The second, and more evolutionarily mysterious, class of viral immunomodulators exhibit no obvious sequence relationship to any known host molecules. These so-called orphan viral regulators have usually been discovered empirically by the ability to bind and inhibit specific host ligands. For example, the four classes of viral chemokine-binding proteins (CBPs) were all discovered by binding and inhibition studies with known host chemokines, rather than by any sequence relationship with known immune genes (9, 14, 15, 18, 26, 27, 28, 29). For these viral regulators, it is difficult to assess whether they represent examples of independent convergent evolution or whether their true relationship to host-derived genes will become revealed only as more genomic information from other organisms becomes available. It is also entirely plausible that some of these unique viral genes were originally derived from ancient host species that are now extinct, and their progenitor host genes may never be accurately documented.

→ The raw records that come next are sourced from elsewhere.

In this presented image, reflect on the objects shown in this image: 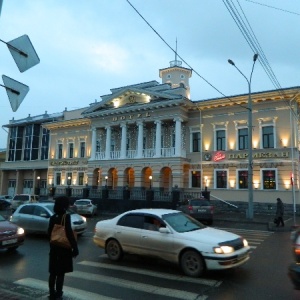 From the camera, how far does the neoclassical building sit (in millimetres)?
29984

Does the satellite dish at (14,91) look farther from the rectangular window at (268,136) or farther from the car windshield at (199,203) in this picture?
the rectangular window at (268,136)

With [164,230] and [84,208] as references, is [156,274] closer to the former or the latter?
[164,230]

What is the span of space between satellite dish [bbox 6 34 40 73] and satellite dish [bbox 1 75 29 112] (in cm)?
46

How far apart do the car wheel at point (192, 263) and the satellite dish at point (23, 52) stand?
18.8 feet

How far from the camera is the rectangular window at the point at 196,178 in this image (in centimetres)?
3428

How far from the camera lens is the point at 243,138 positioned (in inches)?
1271

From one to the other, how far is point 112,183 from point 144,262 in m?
30.5

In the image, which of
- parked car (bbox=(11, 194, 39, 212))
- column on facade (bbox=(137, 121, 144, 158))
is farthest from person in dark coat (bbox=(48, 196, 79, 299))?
column on facade (bbox=(137, 121, 144, 158))

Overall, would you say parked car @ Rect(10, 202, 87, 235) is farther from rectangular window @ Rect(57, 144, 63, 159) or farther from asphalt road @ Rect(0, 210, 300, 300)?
rectangular window @ Rect(57, 144, 63, 159)

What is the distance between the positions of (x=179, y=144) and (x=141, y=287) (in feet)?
88.4

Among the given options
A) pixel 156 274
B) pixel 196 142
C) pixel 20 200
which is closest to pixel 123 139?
pixel 196 142

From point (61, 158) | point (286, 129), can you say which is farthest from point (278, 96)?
point (61, 158)

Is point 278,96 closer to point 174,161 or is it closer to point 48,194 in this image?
point 174,161

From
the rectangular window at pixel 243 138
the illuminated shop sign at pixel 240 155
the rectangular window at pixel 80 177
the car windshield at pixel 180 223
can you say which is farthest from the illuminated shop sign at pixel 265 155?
the car windshield at pixel 180 223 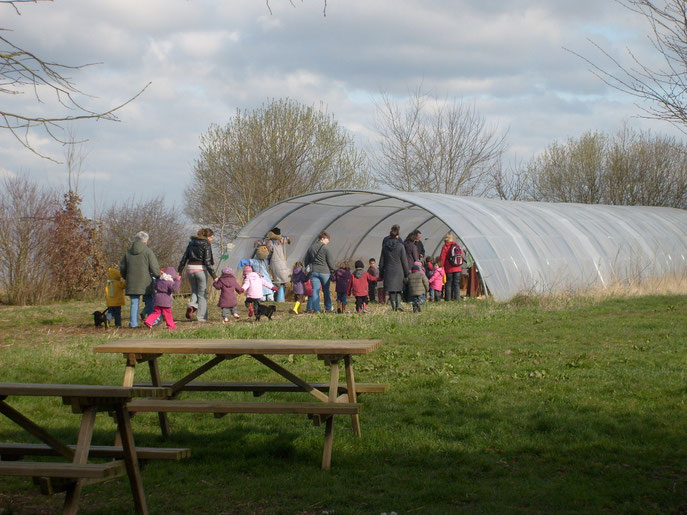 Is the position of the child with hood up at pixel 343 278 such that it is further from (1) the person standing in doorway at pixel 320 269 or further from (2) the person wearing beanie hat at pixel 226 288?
(2) the person wearing beanie hat at pixel 226 288

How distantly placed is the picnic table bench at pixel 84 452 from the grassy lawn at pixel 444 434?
340mm

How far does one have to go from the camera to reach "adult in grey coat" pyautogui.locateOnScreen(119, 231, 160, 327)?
14.0 meters

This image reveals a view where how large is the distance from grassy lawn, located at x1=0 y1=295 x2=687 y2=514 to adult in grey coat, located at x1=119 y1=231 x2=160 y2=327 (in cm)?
302

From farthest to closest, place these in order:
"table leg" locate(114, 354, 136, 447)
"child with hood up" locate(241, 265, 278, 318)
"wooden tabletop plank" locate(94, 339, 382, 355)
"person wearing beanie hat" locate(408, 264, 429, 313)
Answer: "person wearing beanie hat" locate(408, 264, 429, 313) → "child with hood up" locate(241, 265, 278, 318) → "table leg" locate(114, 354, 136, 447) → "wooden tabletop plank" locate(94, 339, 382, 355)

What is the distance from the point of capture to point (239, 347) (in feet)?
18.5

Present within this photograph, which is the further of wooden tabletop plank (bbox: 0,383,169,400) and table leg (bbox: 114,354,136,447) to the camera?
table leg (bbox: 114,354,136,447)

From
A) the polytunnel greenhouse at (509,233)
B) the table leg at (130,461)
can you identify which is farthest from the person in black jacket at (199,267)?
the table leg at (130,461)

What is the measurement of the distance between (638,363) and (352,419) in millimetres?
3900

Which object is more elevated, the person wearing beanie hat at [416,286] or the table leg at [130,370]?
the person wearing beanie hat at [416,286]

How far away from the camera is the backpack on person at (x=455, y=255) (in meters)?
18.6

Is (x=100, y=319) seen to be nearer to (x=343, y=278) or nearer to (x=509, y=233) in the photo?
(x=343, y=278)

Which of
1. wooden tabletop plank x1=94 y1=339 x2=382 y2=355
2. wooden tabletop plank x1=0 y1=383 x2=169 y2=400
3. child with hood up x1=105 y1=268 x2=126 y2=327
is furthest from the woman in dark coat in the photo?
wooden tabletop plank x1=0 y1=383 x2=169 y2=400

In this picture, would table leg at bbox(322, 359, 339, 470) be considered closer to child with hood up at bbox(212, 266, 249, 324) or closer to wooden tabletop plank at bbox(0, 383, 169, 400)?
wooden tabletop plank at bbox(0, 383, 169, 400)

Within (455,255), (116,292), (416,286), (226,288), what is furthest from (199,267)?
(455,255) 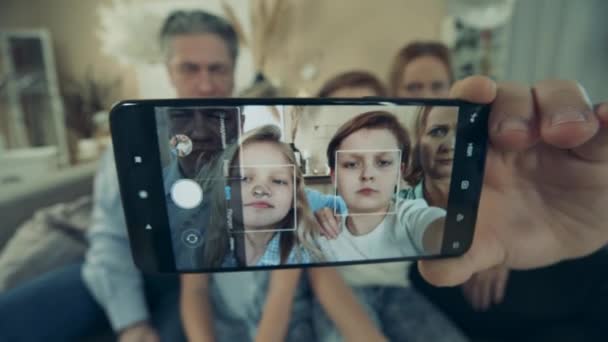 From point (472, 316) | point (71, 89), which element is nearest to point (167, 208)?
point (472, 316)

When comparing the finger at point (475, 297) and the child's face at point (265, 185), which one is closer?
the child's face at point (265, 185)

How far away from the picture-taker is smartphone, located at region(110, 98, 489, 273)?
20 cm

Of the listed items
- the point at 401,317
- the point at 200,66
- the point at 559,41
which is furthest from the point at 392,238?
the point at 559,41

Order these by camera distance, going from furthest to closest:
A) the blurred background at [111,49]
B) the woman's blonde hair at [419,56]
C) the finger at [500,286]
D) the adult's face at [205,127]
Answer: the blurred background at [111,49]
the woman's blonde hair at [419,56]
the finger at [500,286]
the adult's face at [205,127]

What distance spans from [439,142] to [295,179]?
11 cm

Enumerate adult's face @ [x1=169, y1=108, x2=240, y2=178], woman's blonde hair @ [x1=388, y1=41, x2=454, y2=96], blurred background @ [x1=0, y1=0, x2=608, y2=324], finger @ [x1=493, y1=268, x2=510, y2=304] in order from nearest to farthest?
adult's face @ [x1=169, y1=108, x2=240, y2=178] < finger @ [x1=493, y1=268, x2=510, y2=304] < woman's blonde hair @ [x1=388, y1=41, x2=454, y2=96] < blurred background @ [x1=0, y1=0, x2=608, y2=324]

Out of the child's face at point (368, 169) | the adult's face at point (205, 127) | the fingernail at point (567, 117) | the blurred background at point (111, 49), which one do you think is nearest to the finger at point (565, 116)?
the fingernail at point (567, 117)

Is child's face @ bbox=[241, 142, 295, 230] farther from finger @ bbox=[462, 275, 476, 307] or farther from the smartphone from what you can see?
finger @ bbox=[462, 275, 476, 307]

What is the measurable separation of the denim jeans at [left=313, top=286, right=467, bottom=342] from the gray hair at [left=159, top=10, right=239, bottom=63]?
1.17ft

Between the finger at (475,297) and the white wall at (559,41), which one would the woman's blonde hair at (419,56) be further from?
the finger at (475,297)

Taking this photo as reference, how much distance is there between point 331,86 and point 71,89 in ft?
3.92

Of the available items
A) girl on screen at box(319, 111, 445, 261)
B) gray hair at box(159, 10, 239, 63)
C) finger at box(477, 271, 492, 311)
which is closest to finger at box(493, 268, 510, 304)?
finger at box(477, 271, 492, 311)

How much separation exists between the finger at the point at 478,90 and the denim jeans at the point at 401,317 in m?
0.20

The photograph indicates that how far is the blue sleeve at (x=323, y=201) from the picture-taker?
216mm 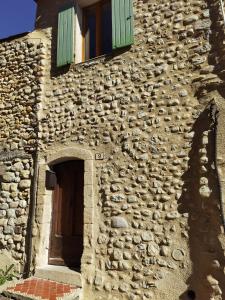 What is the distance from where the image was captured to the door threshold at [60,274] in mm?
4419

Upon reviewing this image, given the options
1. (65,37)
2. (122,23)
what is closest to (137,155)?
(122,23)

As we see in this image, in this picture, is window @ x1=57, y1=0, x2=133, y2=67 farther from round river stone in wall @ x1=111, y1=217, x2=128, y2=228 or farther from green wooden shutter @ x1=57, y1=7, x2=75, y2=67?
round river stone in wall @ x1=111, y1=217, x2=128, y2=228

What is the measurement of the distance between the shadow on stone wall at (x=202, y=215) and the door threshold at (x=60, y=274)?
65.0 inches

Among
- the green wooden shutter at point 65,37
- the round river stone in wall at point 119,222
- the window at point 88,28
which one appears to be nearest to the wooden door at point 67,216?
the round river stone in wall at point 119,222

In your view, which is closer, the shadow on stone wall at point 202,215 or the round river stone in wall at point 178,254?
the shadow on stone wall at point 202,215

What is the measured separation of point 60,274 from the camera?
459 cm

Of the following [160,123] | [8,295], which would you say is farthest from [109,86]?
[8,295]

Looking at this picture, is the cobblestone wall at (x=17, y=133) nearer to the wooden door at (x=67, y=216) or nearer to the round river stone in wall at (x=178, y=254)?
the wooden door at (x=67, y=216)

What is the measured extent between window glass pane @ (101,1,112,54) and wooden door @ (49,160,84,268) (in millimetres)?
2276

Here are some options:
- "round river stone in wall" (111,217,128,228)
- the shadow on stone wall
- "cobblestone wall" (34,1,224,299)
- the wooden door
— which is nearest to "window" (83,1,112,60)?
"cobblestone wall" (34,1,224,299)

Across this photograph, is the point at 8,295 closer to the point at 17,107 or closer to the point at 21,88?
the point at 17,107

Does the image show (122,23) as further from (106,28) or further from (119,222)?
(119,222)

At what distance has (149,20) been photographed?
4.95 metres

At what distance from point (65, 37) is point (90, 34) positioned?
53cm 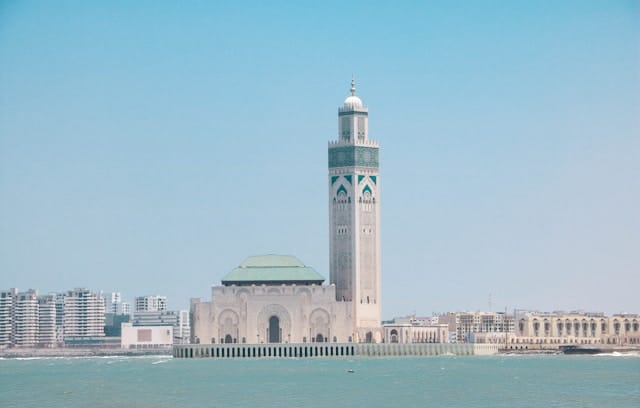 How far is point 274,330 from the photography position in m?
168

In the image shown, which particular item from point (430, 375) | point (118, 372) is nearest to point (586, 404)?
point (430, 375)

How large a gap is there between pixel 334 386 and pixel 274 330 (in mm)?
69604

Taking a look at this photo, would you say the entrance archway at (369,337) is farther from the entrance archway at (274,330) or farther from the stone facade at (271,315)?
the entrance archway at (274,330)

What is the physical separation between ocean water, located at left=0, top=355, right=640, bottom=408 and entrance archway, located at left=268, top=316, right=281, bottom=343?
3194 centimetres

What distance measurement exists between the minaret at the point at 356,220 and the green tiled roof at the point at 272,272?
11.8 ft

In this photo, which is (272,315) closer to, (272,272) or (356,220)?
(272,272)

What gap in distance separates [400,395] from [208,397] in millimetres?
10033

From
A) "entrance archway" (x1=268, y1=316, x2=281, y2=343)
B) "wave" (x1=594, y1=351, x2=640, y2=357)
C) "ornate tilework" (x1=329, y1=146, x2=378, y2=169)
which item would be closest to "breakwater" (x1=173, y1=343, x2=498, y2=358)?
"entrance archway" (x1=268, y1=316, x2=281, y2=343)

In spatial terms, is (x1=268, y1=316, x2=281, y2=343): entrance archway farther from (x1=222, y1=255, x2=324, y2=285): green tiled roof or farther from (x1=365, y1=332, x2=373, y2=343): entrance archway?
(x1=365, y1=332, x2=373, y2=343): entrance archway

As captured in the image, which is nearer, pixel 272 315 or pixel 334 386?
pixel 334 386

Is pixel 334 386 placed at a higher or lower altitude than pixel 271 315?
lower

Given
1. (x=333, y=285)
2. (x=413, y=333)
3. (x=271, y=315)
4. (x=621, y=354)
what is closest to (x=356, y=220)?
(x=333, y=285)

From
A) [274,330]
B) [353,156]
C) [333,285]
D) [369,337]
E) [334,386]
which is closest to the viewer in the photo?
[334,386]

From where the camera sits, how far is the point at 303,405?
3241 inches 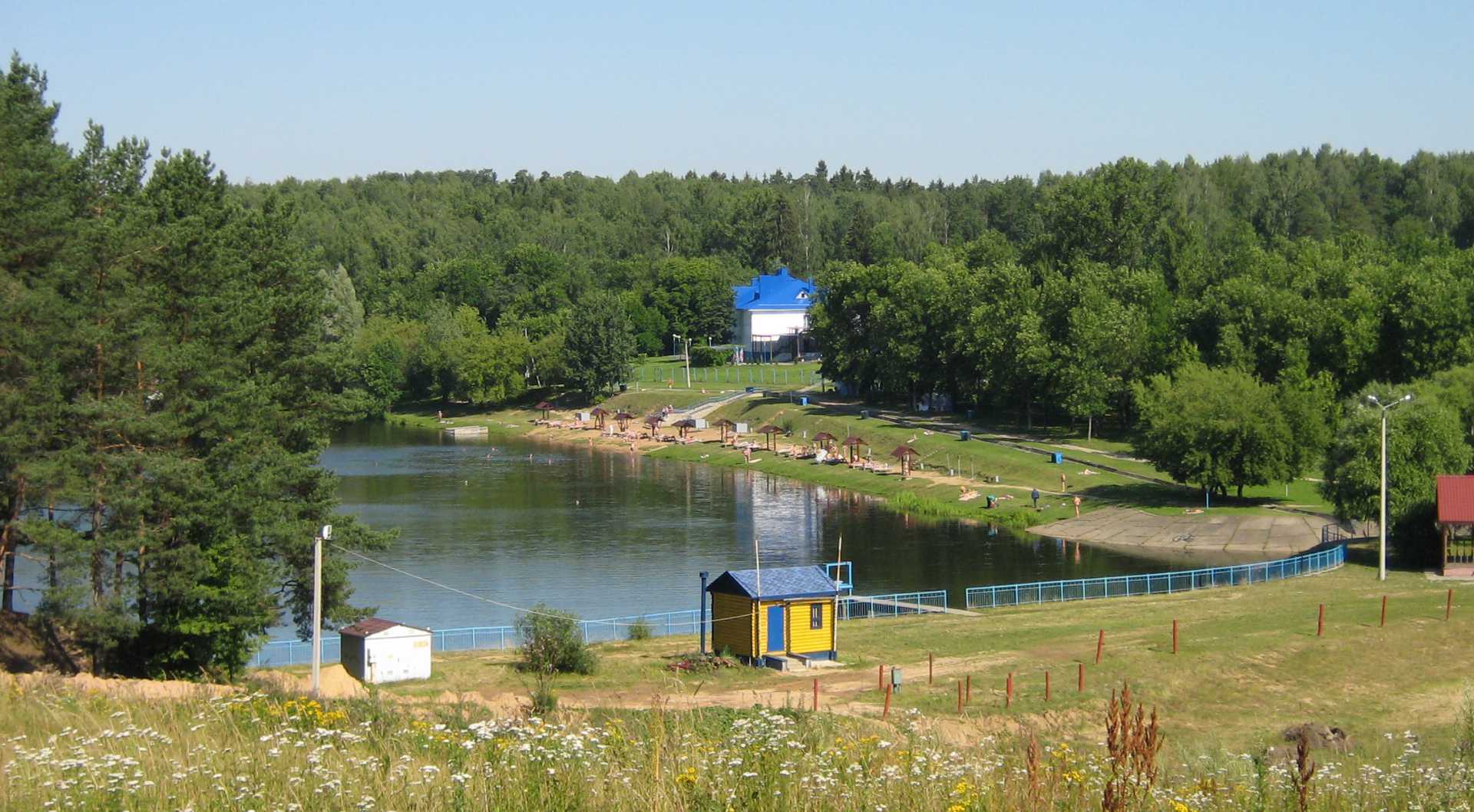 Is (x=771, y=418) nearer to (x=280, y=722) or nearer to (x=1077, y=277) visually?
(x=1077, y=277)

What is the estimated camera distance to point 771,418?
10238cm

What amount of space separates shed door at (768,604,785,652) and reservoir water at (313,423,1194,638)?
12541 mm

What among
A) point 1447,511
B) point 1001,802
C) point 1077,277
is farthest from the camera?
point 1077,277

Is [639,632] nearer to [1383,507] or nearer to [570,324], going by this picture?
Result: [1383,507]

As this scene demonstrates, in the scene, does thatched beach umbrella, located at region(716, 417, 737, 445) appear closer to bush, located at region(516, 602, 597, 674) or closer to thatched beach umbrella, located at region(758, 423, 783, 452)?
thatched beach umbrella, located at region(758, 423, 783, 452)

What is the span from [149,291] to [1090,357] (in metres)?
59.3

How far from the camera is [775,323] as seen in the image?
457ft

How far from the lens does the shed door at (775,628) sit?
32500 millimetres

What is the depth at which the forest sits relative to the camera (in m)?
30.3

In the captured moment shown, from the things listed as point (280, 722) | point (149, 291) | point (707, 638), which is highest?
point (149, 291)

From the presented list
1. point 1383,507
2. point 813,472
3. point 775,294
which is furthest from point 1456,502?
point 775,294

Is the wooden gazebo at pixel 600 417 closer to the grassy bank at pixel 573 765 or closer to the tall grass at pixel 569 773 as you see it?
the grassy bank at pixel 573 765

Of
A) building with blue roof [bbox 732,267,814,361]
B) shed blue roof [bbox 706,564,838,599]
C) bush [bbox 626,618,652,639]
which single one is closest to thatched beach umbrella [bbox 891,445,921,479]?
bush [bbox 626,618,652,639]

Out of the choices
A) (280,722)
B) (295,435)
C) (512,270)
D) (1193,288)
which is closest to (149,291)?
(295,435) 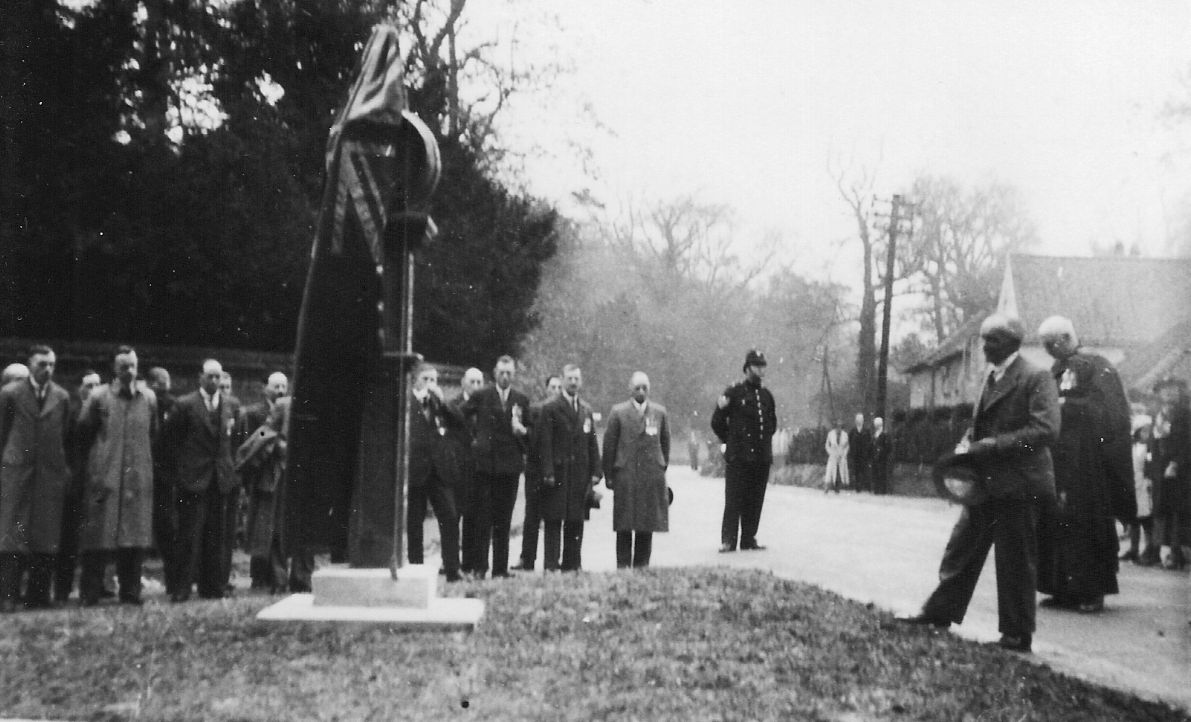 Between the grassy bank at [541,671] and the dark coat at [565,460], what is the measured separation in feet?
12.7

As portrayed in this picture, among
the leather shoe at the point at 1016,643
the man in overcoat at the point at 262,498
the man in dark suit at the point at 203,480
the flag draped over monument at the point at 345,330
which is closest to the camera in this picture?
the flag draped over monument at the point at 345,330

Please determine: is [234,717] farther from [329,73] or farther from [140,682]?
[329,73]

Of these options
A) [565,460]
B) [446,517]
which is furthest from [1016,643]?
[446,517]

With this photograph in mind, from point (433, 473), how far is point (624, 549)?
2352 mm

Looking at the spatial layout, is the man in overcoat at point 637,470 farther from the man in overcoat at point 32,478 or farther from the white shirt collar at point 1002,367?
the man in overcoat at point 32,478

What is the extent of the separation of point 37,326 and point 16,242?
1.32m

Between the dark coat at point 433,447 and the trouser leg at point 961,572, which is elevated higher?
the dark coat at point 433,447

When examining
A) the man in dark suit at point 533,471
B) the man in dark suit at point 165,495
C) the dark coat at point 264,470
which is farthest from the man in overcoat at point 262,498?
the man in dark suit at point 533,471

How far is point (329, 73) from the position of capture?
16.2m

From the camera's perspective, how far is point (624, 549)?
36.8 ft

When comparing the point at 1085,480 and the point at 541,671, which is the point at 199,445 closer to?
the point at 541,671

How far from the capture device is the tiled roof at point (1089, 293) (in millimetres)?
40281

Virus-encoded immunomodulators can function from a variety of cellular and tissue locations. For example, they can be expressed intracellularly within the infected cell, function at the surface of infected cells or virion particles, or be secreted into the extracellular environment. This review will focus on the secreted immunoregulators that have been independently expressed and used to treat disorders in animal models of inflammatory diseases. These secreted immunomodulators have been subdivided into virokines (ligand-like) or viroceptors (receptor-like), but note that this thematic distinction is somewhat arbitrary, because many viral regulators were identified operationally as binding proteins or inhibitors of known immune pathways, and function by still-undefined mechanisms (30, 31, 32, 33). In any event, only a small fraction of the currently known immunoregulators from viruses have ever been tested as anti-inflammatory or anti-immune reagents in animal models (Table I), and these are the specific examples considered in greater detail in the following sections.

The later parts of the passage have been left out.